Magnetic couplers are also used in the art for torque transmission between an input shaft and an output shaft. Magnetic couplers have an advantage of near infinite life since no parts are frictionally engaged during the torque transmission. Additionally, magnetic couplers allow for physical isolation between rotating parts, and are therefore commonly used in pumping applications of liquids. One example is in the pumping of cooling liquids in computers where the immersion of bearings can result in the need for frequent maintenance. Typically magnetic couplers are in full torque engagement at all times and are therefore transmitting their maximum torque at all times regardless of the speeds of the input shaft and the output shaft.
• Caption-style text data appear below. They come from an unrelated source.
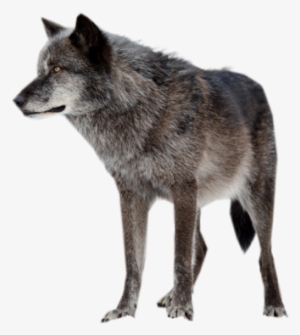 Wolf Png #391467
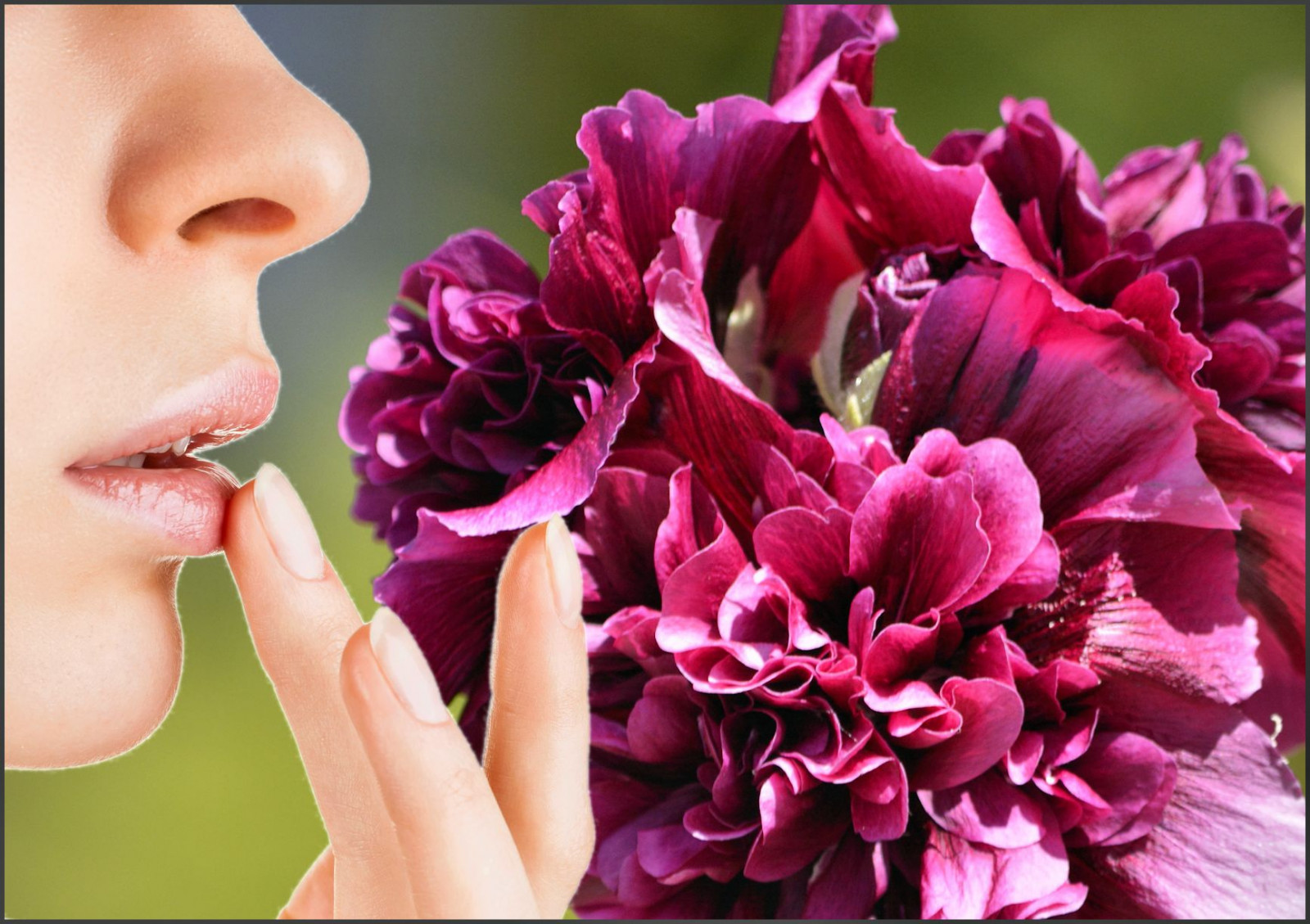 Wallpaper face, purple, profile, rose, nose, pink, magenta, woman, lady, female, petal, smell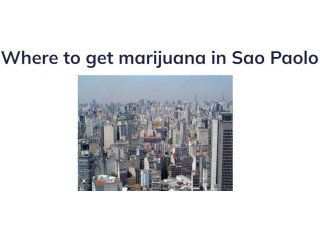 Where to Get Marijuana in Sao Paolo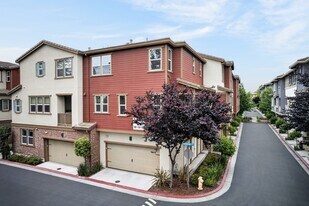 104 Incense Ter in Sunnyvale, CA - Building Photo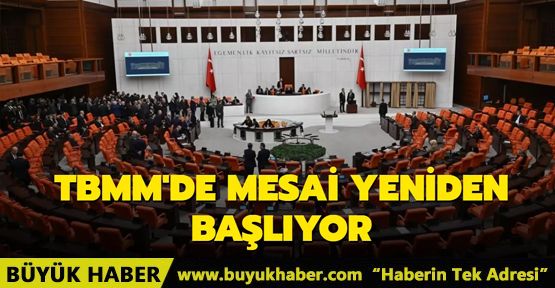 TBMM'de mesai yeniden başlıyor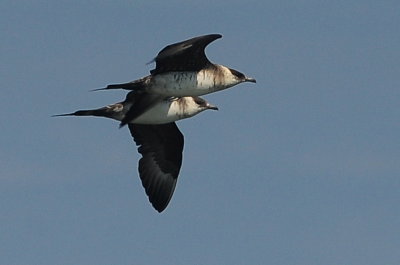 Parasitic Jaeger (third-cycle #1 and third-cycle #2)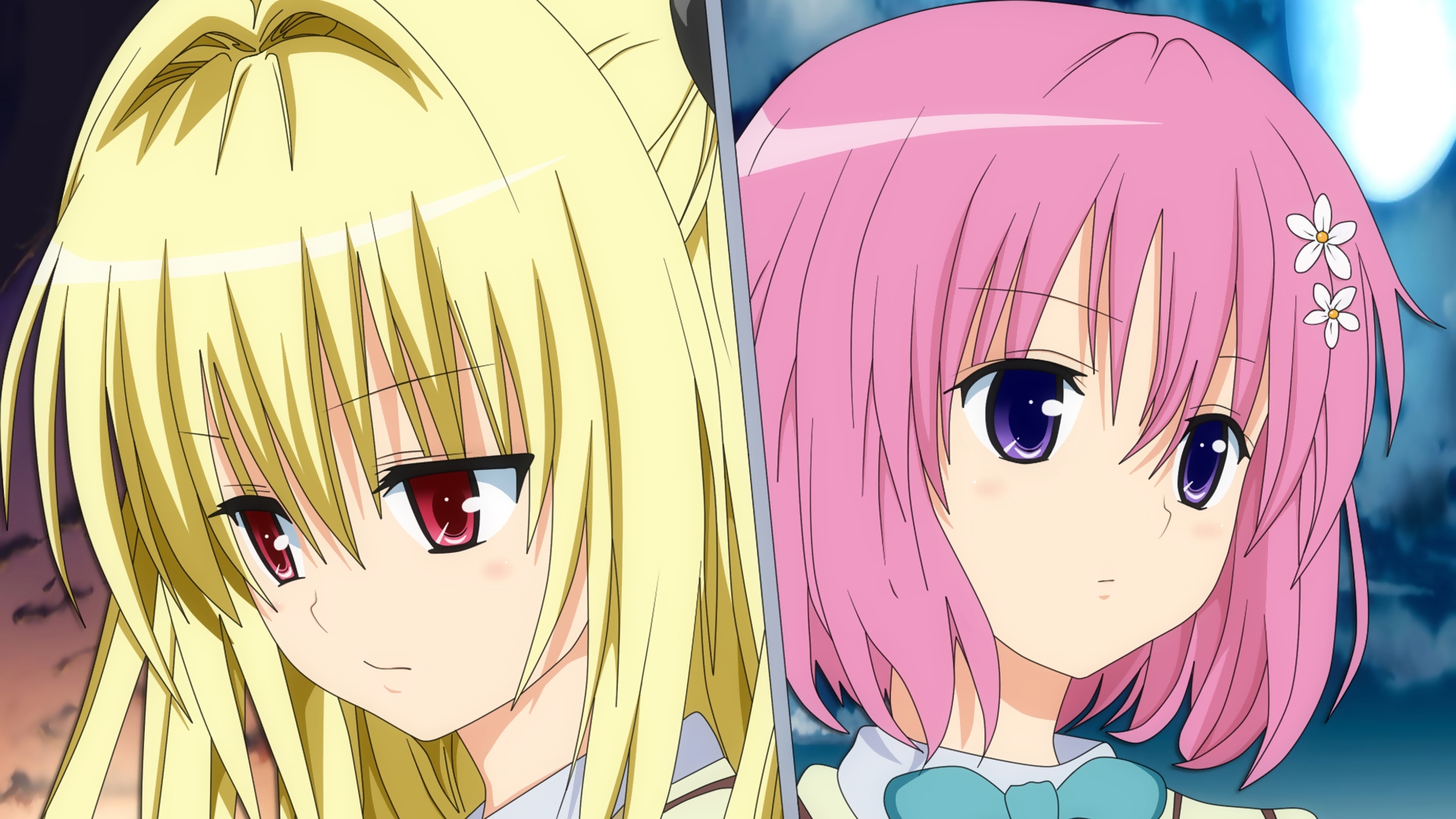 Golden Darkness and Momo Belia Deviluke HD Wallpaper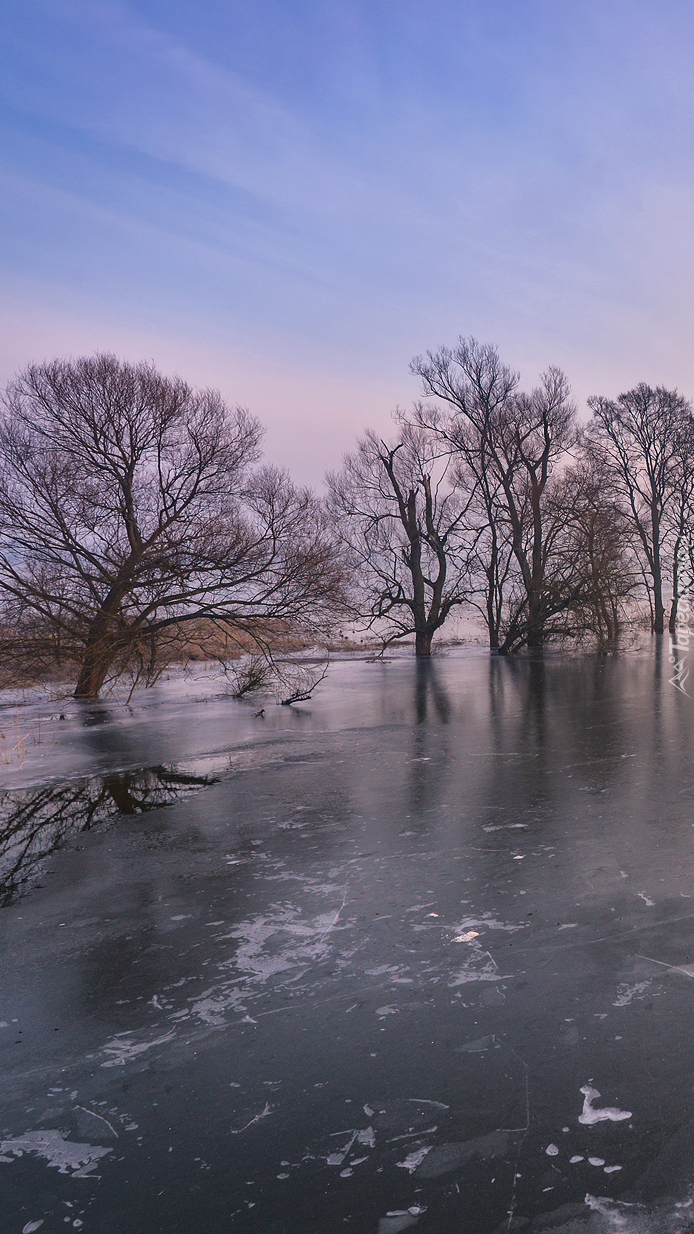 Drzewa nad oblodzoną rzeką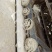 2019沃得收割机尊享版玉柴发动机110马力需要的私聊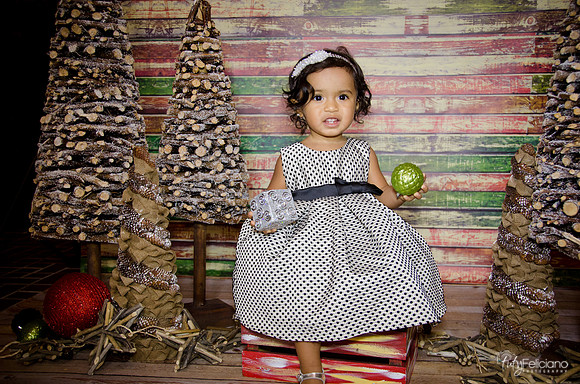 Navidad 3 2014-1740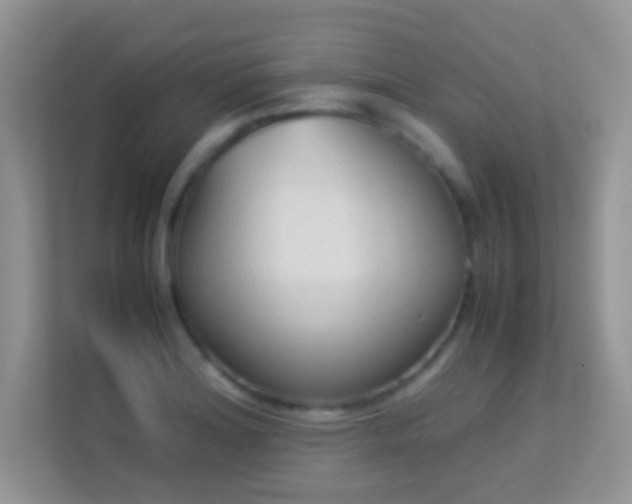 X0000113541180200909250920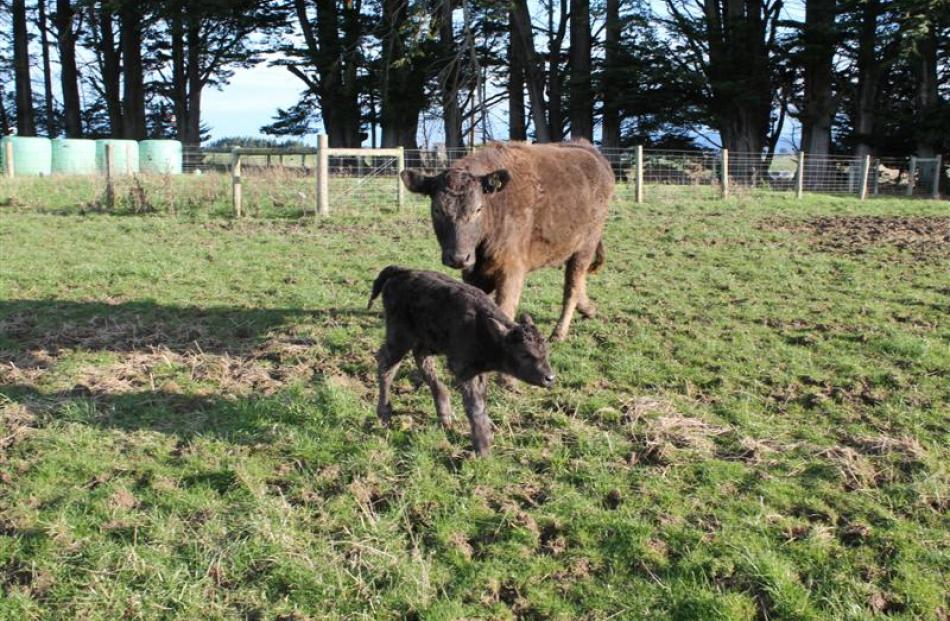 The heifer calf born last week is believed to be Bobo the bison's first offspring.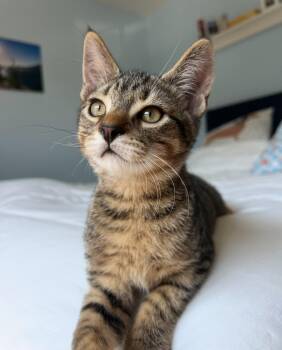 Rescue Domestic Short Hair Cats for Adoption in Woodbridge Township, New Jersey - George | PetCurious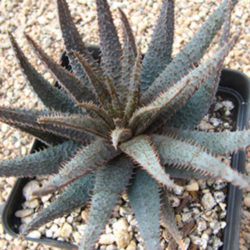 Aloe parvula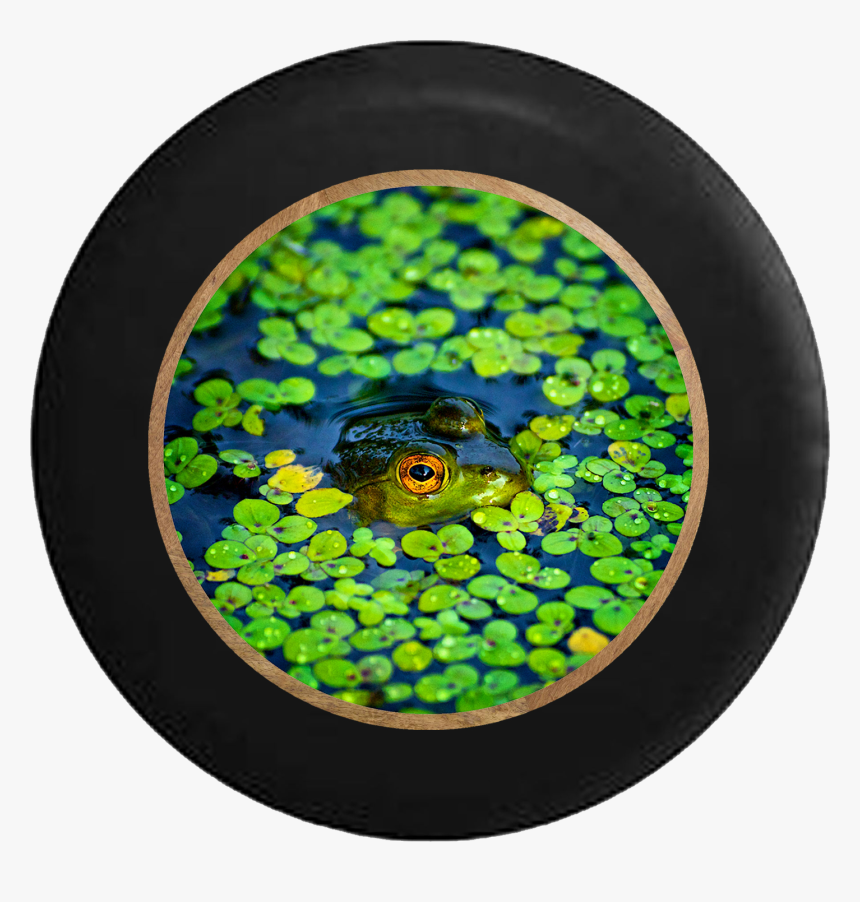 Transparent Lily Pads Png - Лягушка В Болоте, Png Download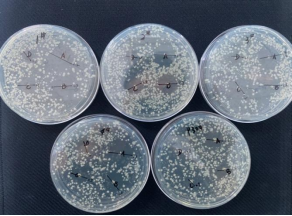 打孔法實驗圖片1/2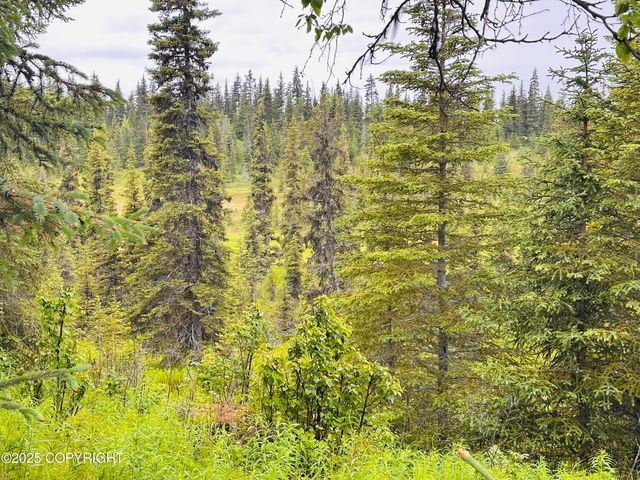 31315 Birch Haven Road, Anchor Point, AK 99556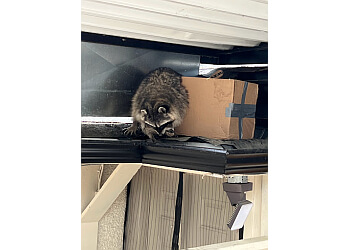 Surrey animal removal Mainland Wildlife Control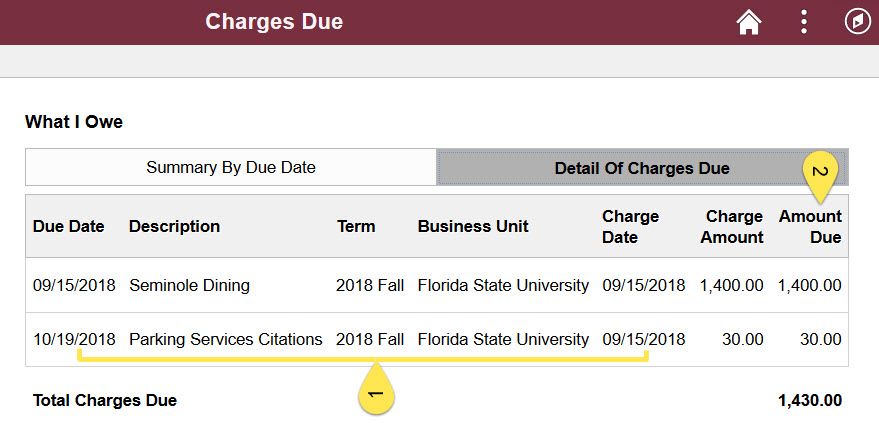 Charges Due Detail.jpg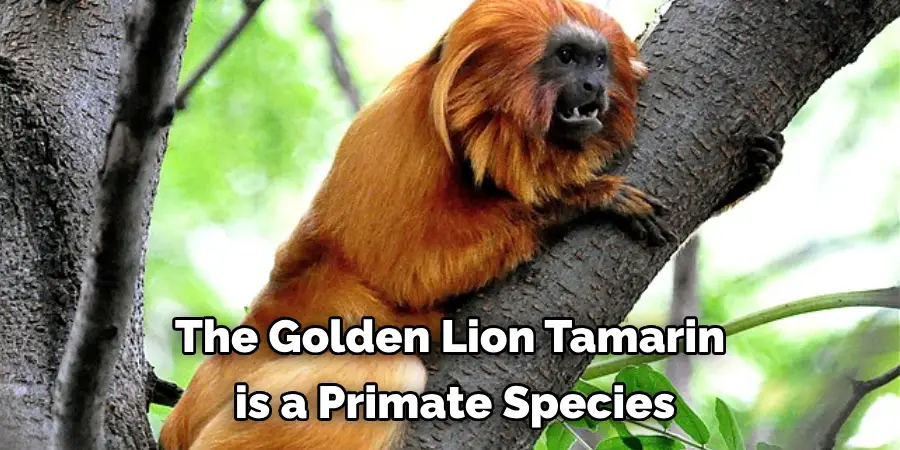The Golden Lion Tamarin
 is a Primate Species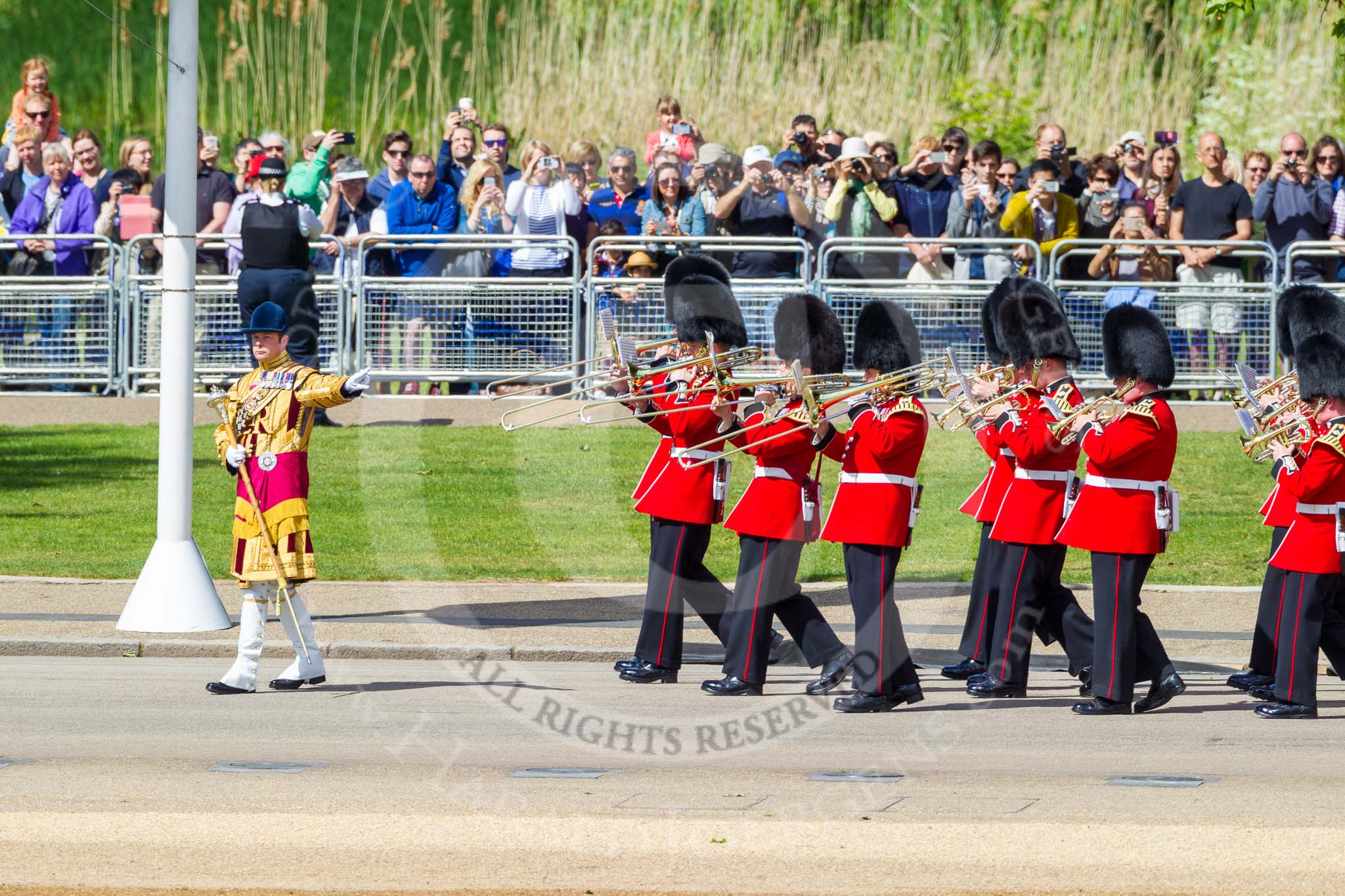 The Colonel's Review 2015.
Horse Guards Parade, Westminster,
London,

United Kingdom,
on 06 June 2015 at 10:14, image #27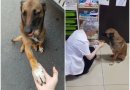 Benamis šuo atėjo į vaistinę prašyti pagalbos (foto)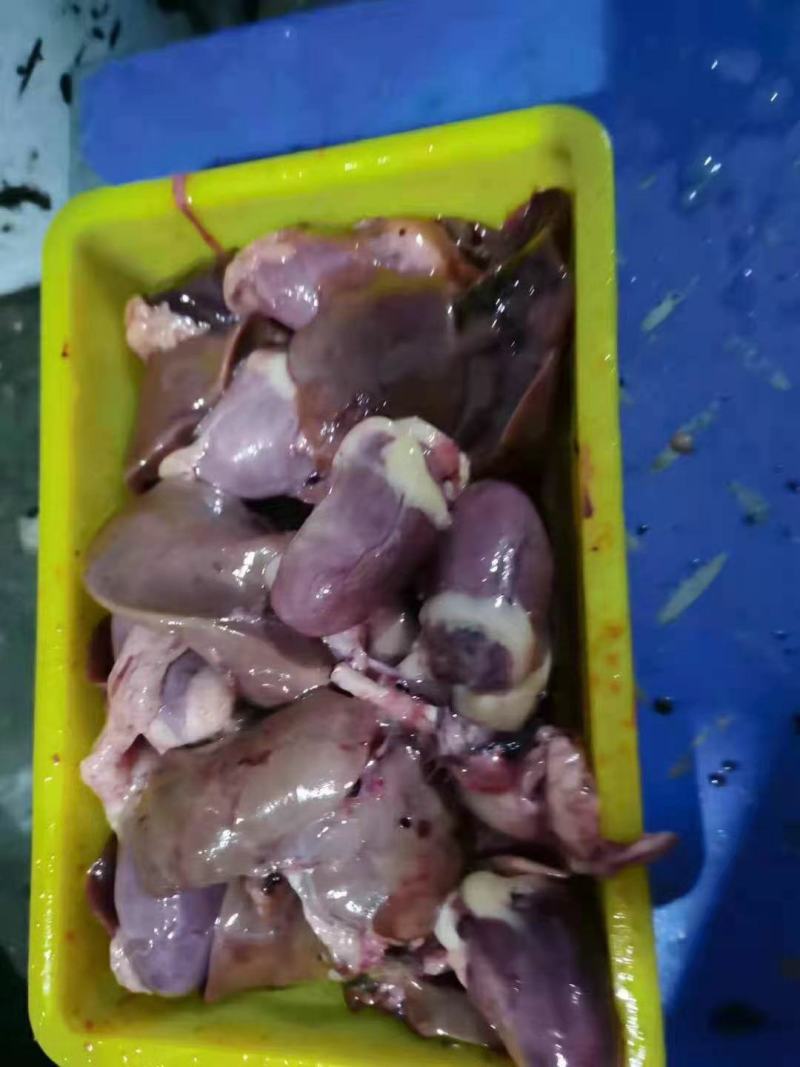 批发白条鸭白条鹅批发鸭肠鹅肠白条樱桃谷鹅肝鹅胗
A combination of the two aforementioned concepts are combined into a magnetic centrifugal clutch, that is also known in the art and is described in detail in U.S. Pat. No. 5,691,587 (hereafter '587), included herein in its entirety by reference. By mounting the magnets to the input shaft in a radially slidable manner and biasing the magnets radially inwardly, '587 allows the magnetic centrifugal clutch to transmit substantially no torque from the input to the output shaft when the rotational velocity of the input shaft is low. A low torque transmission during start up of the input shaft is desirable when a sensorless brushless direct current (SBLDC) motor drives the input shaft. This is due to the fact that SBLDC motors posses very little starting torque. However, the magnetic centrifugal clutch of '587 prohibits the fluidic isolation of the input shaft from the output shaft. For pump applications this is problematic since bearings and seals are common sources of leaks.
Accordingly, there is a need in the art for a clutch that transmits a variable torque from an input shaft to an output shaft and simultaneously permits the input shaft to be fluidically sealed relative to the output shaft.